Required work –
Although the entries contain pictures, write out only their text, exactly as it stands.

[Collected data entries]
Segment Open
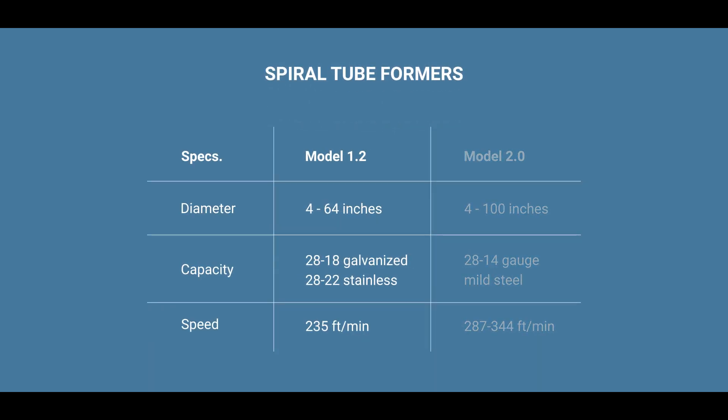Lockformer spiral tube formers are available in two models. Model 1.2 produces spiral pipe up to 64 inches in diameter from 28 to 18 gauge galvanized steel or 28 to 22 gauge stainless steel, with a maximum speed of 235 feet per minute.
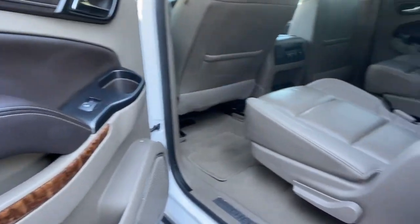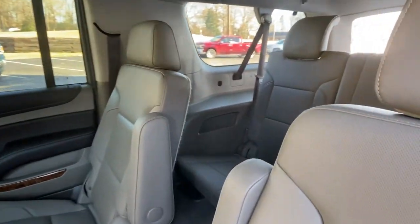No muss, no fuss. The Suburban has you covered in style. Take a test drive today.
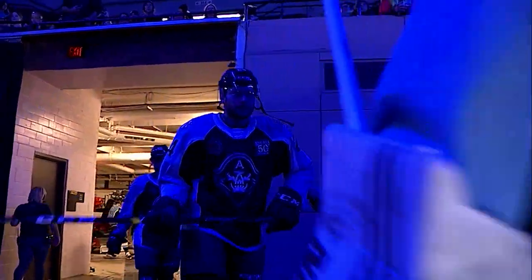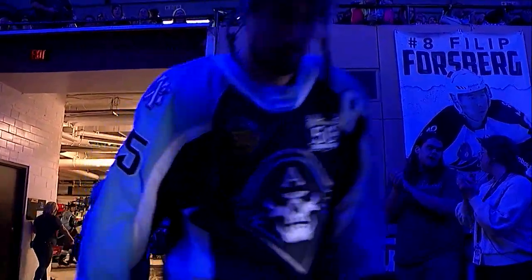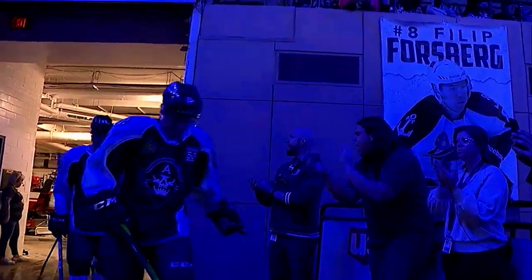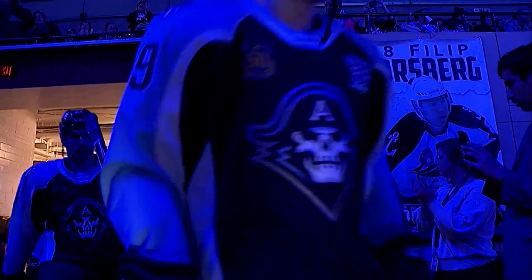Please welcome, led by goaltender number one Troy Grosnick, here are your Milwaukee Admirals.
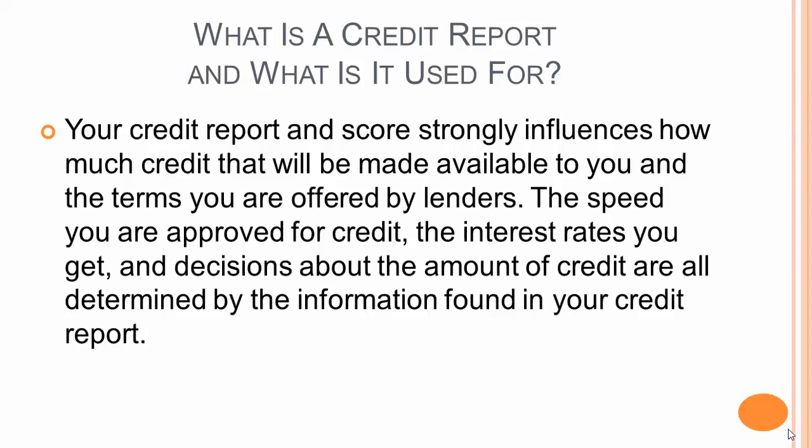Your credit report and score strongly influences how much credit will be made available to you and the terms you are offered by lenders. The speed you are approved for credit, the interest rates you get, and decisions about the amount of credit are all determined by the information found in your credit report.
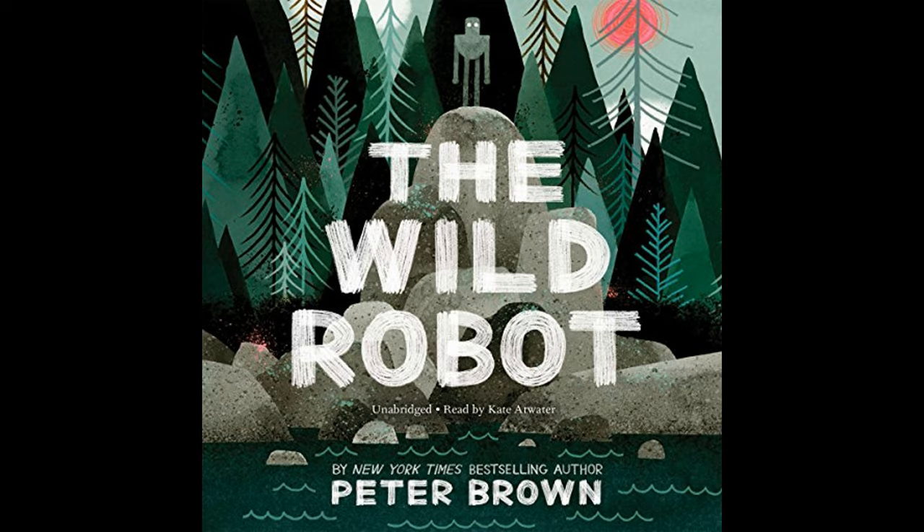The Wild Robot by Peter Brown is a captivating tale about a robot named Roz who unexpectedly begins her life on a remote, wild island after surviving a shipwreck. Devoid of human presence, the island is inhabited by a diverse array of animals and the forces of nature.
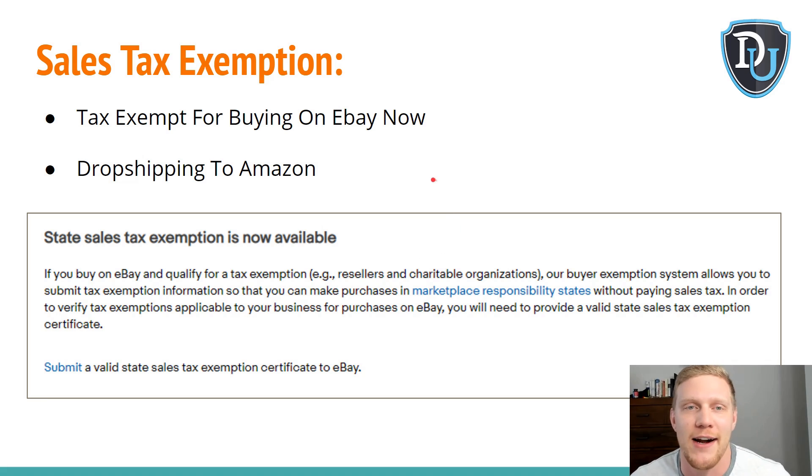It's not all bad — let's get on to some cool updates. There is sales tax exemption, so you're gonna get tax exempt for buying on eBay, just as with Amazon, Walmart, or Home Depot. I think this is a great update because if there is a supplier that sells on eBay but not Amazon, or if their website isn't supported by repricing tools like SkewGrid, you can now use them on eBay and drop ship their items onto Amazon and get tax exempt.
Segment Closed
Written reply –
Lockformer spiral tube formers are available in two models. Model 1.2 produces spiral pipe up to 64 inches in diameter from 28 to 18 gauge galvanized steel or 28 to 22 gauge stainless steel, with a maximum speed of 235 feet per minute.
No muss, no fuss. The Suburban has you covered in style. Take a test drive today.
Please welcome, led by goaltender number one Troy Grosnick, here are your Milwaukee Admirals.
Your credit report and score strongly influences how much credit will be made available to you and the terms you are offered by lenders. The speed you are approved for credit, the interest rates you get, and decisions about the amount of credit are all determined by the information found in your credit report.
The Wild Robot by Peter Brown is a captivating tale about a robot named Roz who unexpectedly begins her life on a remote, wild island after surviving a shipwreck. Devoid of human presence, the island is inhabited by a diverse array of animals and the forces of nature.
It's not all bad — let's get on to some cool updates. There is sales tax exemption, so you're gonna get tax exempt for buying on eBay, just as with Amazon, Walmart, or Home Depot. I think this is a great update because if there is a supplier that sells on eBay but not Amazon, or if their website isn't supported by repricing tools like SkewGrid, you can now use them on eBay and drop ship their items onto Amazon and get tax exempt.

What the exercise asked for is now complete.